Print the listing below only from the line that has "Artland Artprint Dichte" through the line that has "Blancanieves Y Los", exactly, and drop any picture.
──────────
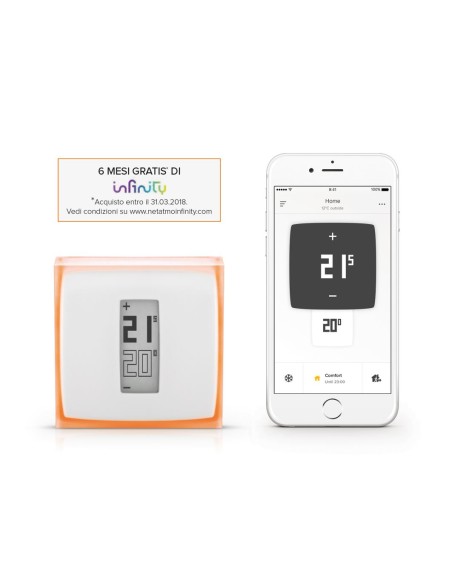 NETATMO THERMOSTAT WIFI BY STARK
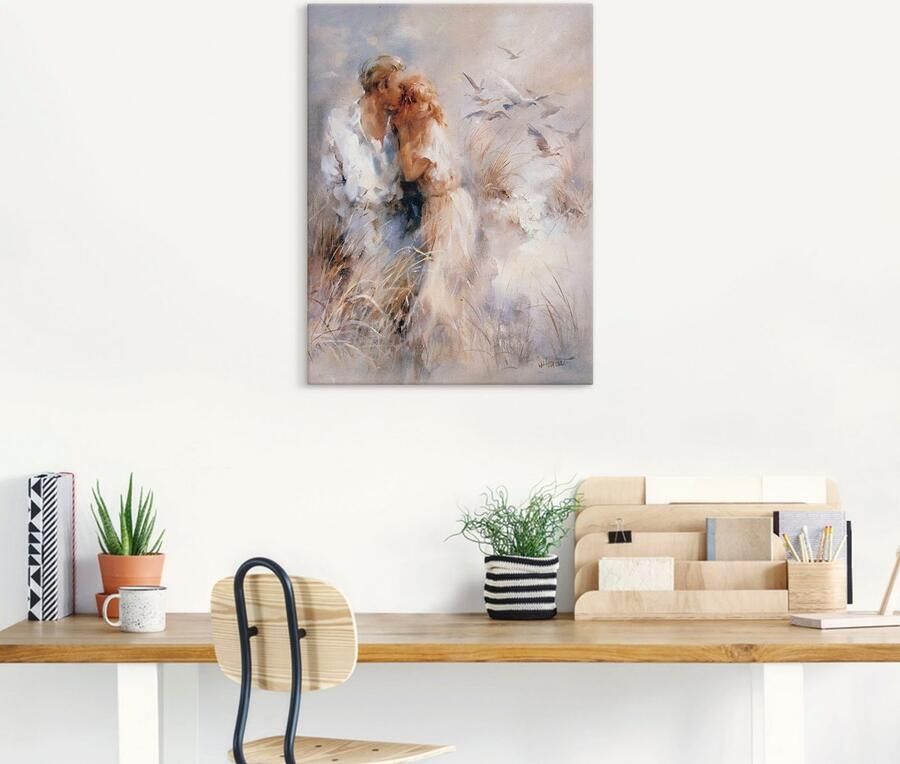 Artland Artprint Dichte harmonie als artprint op linnen poster muursticker in verschillende maten
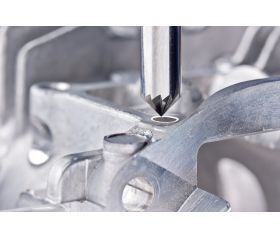 Fresa de metal duro cónica avellanada KSK 90° Ø 06x03 mm, mango Ø 6 mm, Z3 medio universal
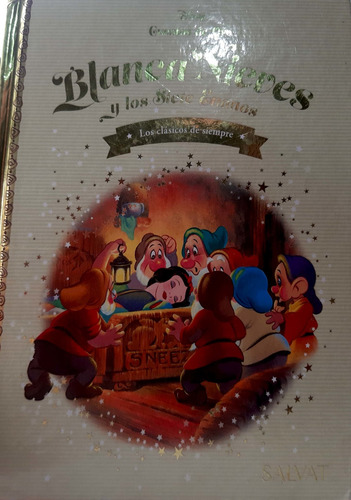 Blancanieves Y Los Siete Enanos Disney Salvat Usado # (Usado)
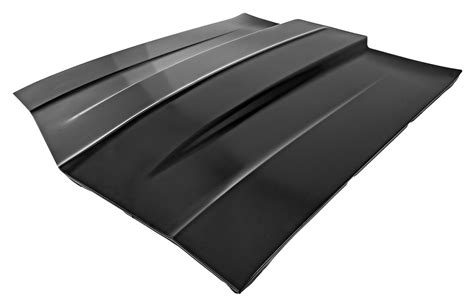 JEGS Steel Cowl Induction Hood For 1968 1969 Chevrolet Chevelle El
──────────
Expected output.
 Artland Artprint Dichte harmonie als artprint op linnen poster muursticker in verschillende maten
 Fresa de metal duro cónica avellanada KSK 90° Ø 06x03 mm, mango Ø 6 mm, Z3 medio universal
 Blancanieves Y Los Siete Enanos Disney Salvat Usado # (Usado)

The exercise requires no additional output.